Rachel stared at the woman, sure her heart froze for a split second. “Pregnant?”
“Four months.” Gabby hurried on, “I won’t let it interfere with my work, I swear. But at some point . . .”
“You’re going to need to take maternity leave.” In an office setting, that was hard enough, but in a restaurant kitchen, where there were a limited number of cooks to fill in and new additions disrupted the flow they’d established, it was far more complicated.
Gabby nodded.
“We’ll figure it out,” Rachel said finally. “And congratulations. You’re going to make a wonderful mother. I bet Luke is thrilled.”
Gabby’s words rushed out in relief. “He is.”
“Now go get some sleep.” Rachel’s instincts said to give her a hug, congratulate her again, but that damaged the level of authority she needed to maintain, made it harder to demand the best from Gabby when she should probably be focusing more on her baby than her job. Instead, Rachel settled for a squeeze of her shoulder.

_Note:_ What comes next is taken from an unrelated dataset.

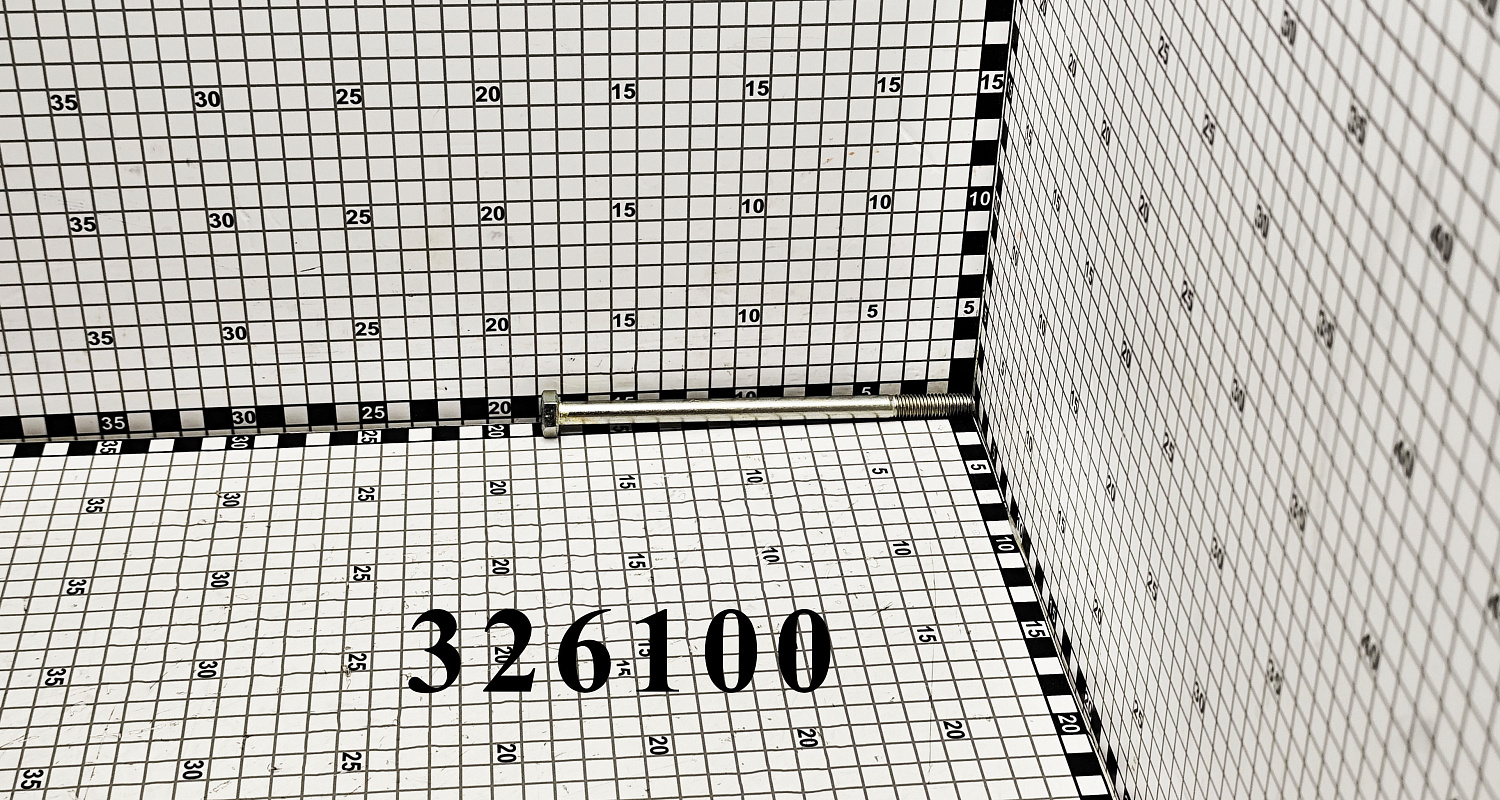 Болт 326100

Andrew was the last to head for the back hallway, leaving Rachel alone in the kitchen to survey her domain. Once again, it gleamed with stainless-steel sterility, silent without the drone of vents and whoosh of burners. It should probably bother her more that she had no one to go home to, no one waiting on the other side of the door. But Rachel had known what she was giving up when she set off down this career path, knew the choice was even starker for female chefs who had to decide between running their own kitchens and having a family. Most days, it was more than a fair trade. She’d promised herself long ago she wouldn’t let any man stand between her and her dreams.
Camille, Paisley’s front-of-house manager, slipped into the kitchen
quietly, somehow looking as fresh and put together as she had at the beginning of the night. “Ana’s waiting for you at the bar. I’m going to go now unless you need me.”
“No, go ahead. Good work as always.”
“Thanks, Chef. See you tomorrow.”
Rachel pretended not to notice Camille slip out with Andrew, their arms going around each other the minute they hit the back door. The food service industry was incestuous, as it must be—civilians didn’t tend to put up with the long hours, late nights, and always-on mentality. There had been plenty of hookups in her kitchen among waitstaff and cooks in various and constantly changing combinations, but they never involved Rachel. On some points at least, she was still a traditionalist—one-night stands and casual affairs held no appeal. Besides, she was an owner and the chef, the big boss. Getting involved with anyone on her staff would be the quickest way to compromise her authority.
Rachel pushed around the post to the dining room and crossed the empty space to the bar. A pretty Filipina sat there, nursing a drink and chatting with the bartender, Luis.
“Ana! What are you doing here? Did Dan call you?”
Ana greeted Rachel with a one-armed hug. “I worked late and thought I’d drop by to say hi. Luis said it was a good night.”
“Very good night: 215.”
Ana’s eyebrows lifted. “That’s great, Rachel. Way to go. I’m not going to say I told you so, but . . .”
“Yeah, yeah, you told me so.” Rachel grinned at her longtime friend. Analyn Sanchez had been one of her staunchest supporters when she’d decided to open a restaurant with two Denver industry veterans, even though it meant leaving the lucrative, high-profile executive chef job that had won her a coveted James Beard Award. And she had to give part of the credit to the woman next to her, who had agreed to take on Paisley as a client of the publicity firm for which she worked, even though the restaurant was small potatoes compared to her usual clients.